Lawyer of the Week: Alvaro M. Bedoya.
On Wednesday, the Senate confirmed Georgetown law professor Alvaro Bedoya to the Federal Trade Commission (“FTC”). This might not sound terribly exciting, but it falls under the “boring but important” category, so bear with me.
Like a growing number of nominees, the 40-year-old Bedoya had “a Twitter problem” (which is the millennial’s answer to “a Nannygate problem”). Senate Minority Leader Mitch McConnell described Bedoya’s tweets as “the rantings of a far-left activist with no aspiration to ever receive Senate confirmation.” (I didn’t find Bedoya’s tweets that bad; he suggested that former president Donald Trump is a white supremacist and that Immigration and Customs Enforcement is a “domestic surveillance agency,” which is like… a Tuesday on Twitter.)
Despite the Republican attacks, no Democrats defected, Vice President Kamala Harris broke the 50-50 tie, and Bedoya will soon join the FTC. This will have significant consequences for the agency’s work—and American consumers.
Many folks have been looking for vigorous antitrust enforcement in the Biden Administration. While the Justice Department has been aggressive, maybe even too aggressive, the FTC has been less active than expected—even though it’s chaired by Lina Khan, the brilliant young antitrust scholar with an ambitious agenda.
There’s a reason for that. The five-member, bipartisan commission has been down a member since fall 2021, and the resulting two-two, partisan deadlock has tied the FTC’s hands in many important matters. For example, it prevented the agency from blocking Amazon’s acquisition of Metro-Goldwyn-Mayer in March. But with Bedoya in place, Lina Khan will have the three votes she needs to execute her agenda, including bringing cases against technology giants and implementing new regulations to govern the digital economy. Many of those regulations are expected to cover privacy—and Bedoya, founder of Georgetown Law’s Center on Privacy and Technology, will be especially helpful in that realm. Big Tech, watch out.

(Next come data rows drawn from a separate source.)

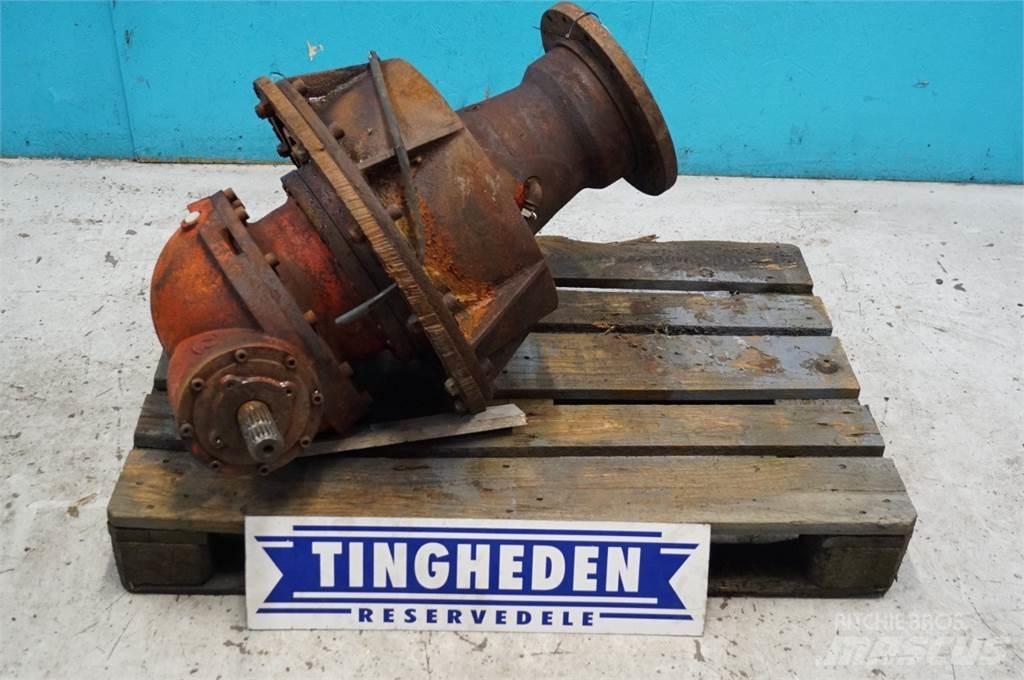RMH Mixell 35 Futtermischwagen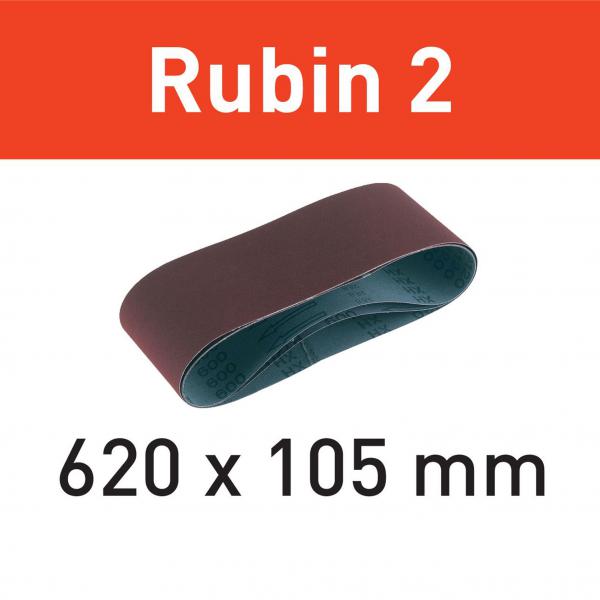 Brusni papir FESTOOL Rubin 2 L620X105-P150 RU2 / 10
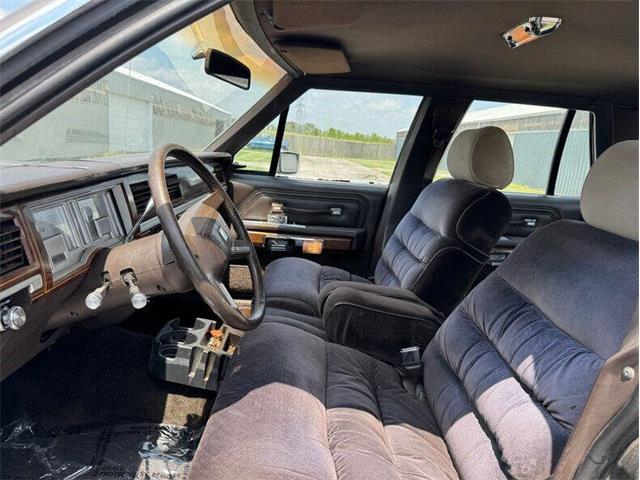 1988 Mercury Grand Marquis (CC-1841616) for sale in Staunton, Illinois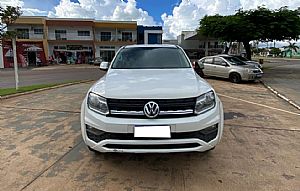 Amarok Comfortline Cd 2.0 4x4 Automático Diesel 2019/2020 em Cuiabá - MT
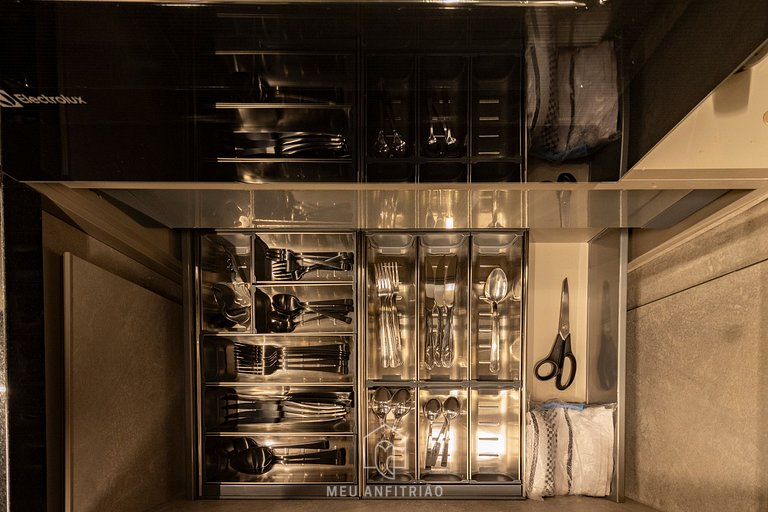 Apartamento en Faria Lima, São Paulo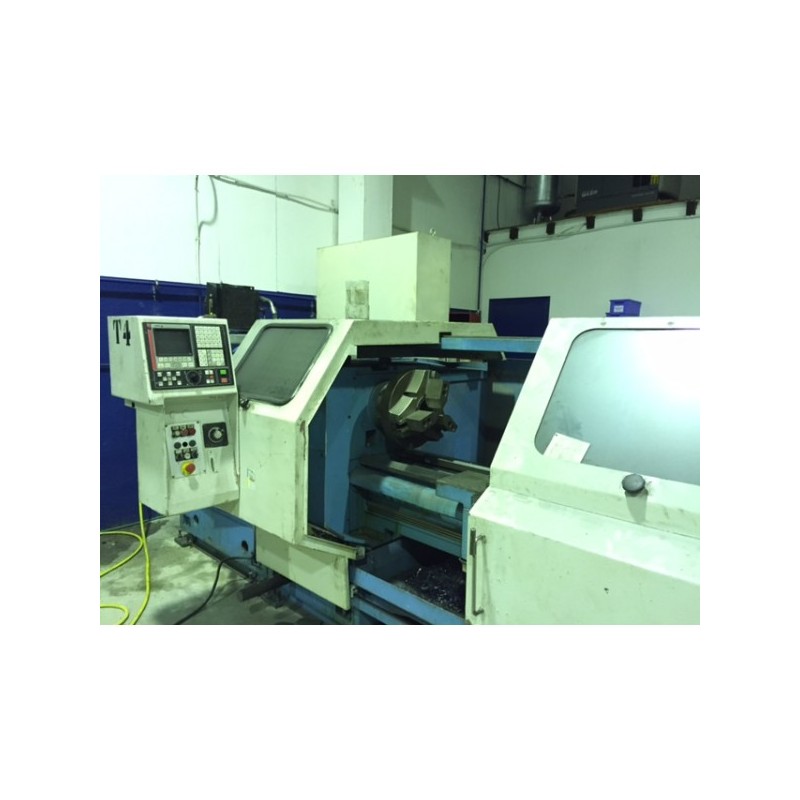 Torno cnc Fagor 8025
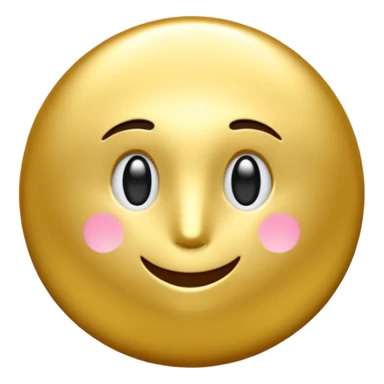 Symbole de currency en or en forme de lettre F précise, seul, 3D, brillant, style emoji simple et lisible sur fond uni. pas une autre lettre

Fcoins fais un K sticker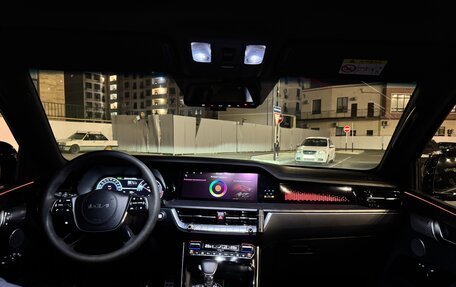 KIA Mohave I, 2022 год, 7 000 000 рублей, 16 фотография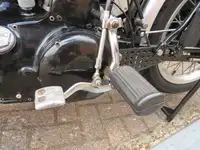 1950 Vincent Series C Black Shadow 998cc-Sold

In other nominations news, President Joe Biden announced a bipartisan slate of seven picks for the U.S. Sentencing Commission: Judge Carlton W. Reeves (S.D. Miss.), nominated to serve as chair; Laura Mate, director of Sentencing Resource Counsel; Claire McCusker Murray, former principal deputy associate attorney general; Judge Luis Felipe Restrepo (3d Cir.); Judge Claria Horn Boom (E.D./W.D. Ky.); former judge John Gleeson (E.D.N.Y.), now at Debevoise & Plimpton; and Candice Wong, an assistant U.S. attorney in D.C., where she heads the Violence Reduction and Trafficking Offenses Section. As you might recall, a certain Judge Ketanji Brown Jackson (D.C. Cir.) served on the Commission, and we all know where she’s going—so watch the careers of the two youngest nominees, Murray and Wong, who I wouldn’t be surprised to see as judicial nominees someday.
Finally, in other news of lawyers landing new jobs, congratulations to David Yellen, the next dean of the University of Miami School of Law, and some guy named Jerome Powell, confirmed to another four-year term as Chair of the Federal Reserve Bank. Yes, Powell worked as a lawyer before moving into finance, and he had an impressive early career: editor-in-chief of the Georgetown Law Journal, Second Circuit clerk, and Davis Polk associate.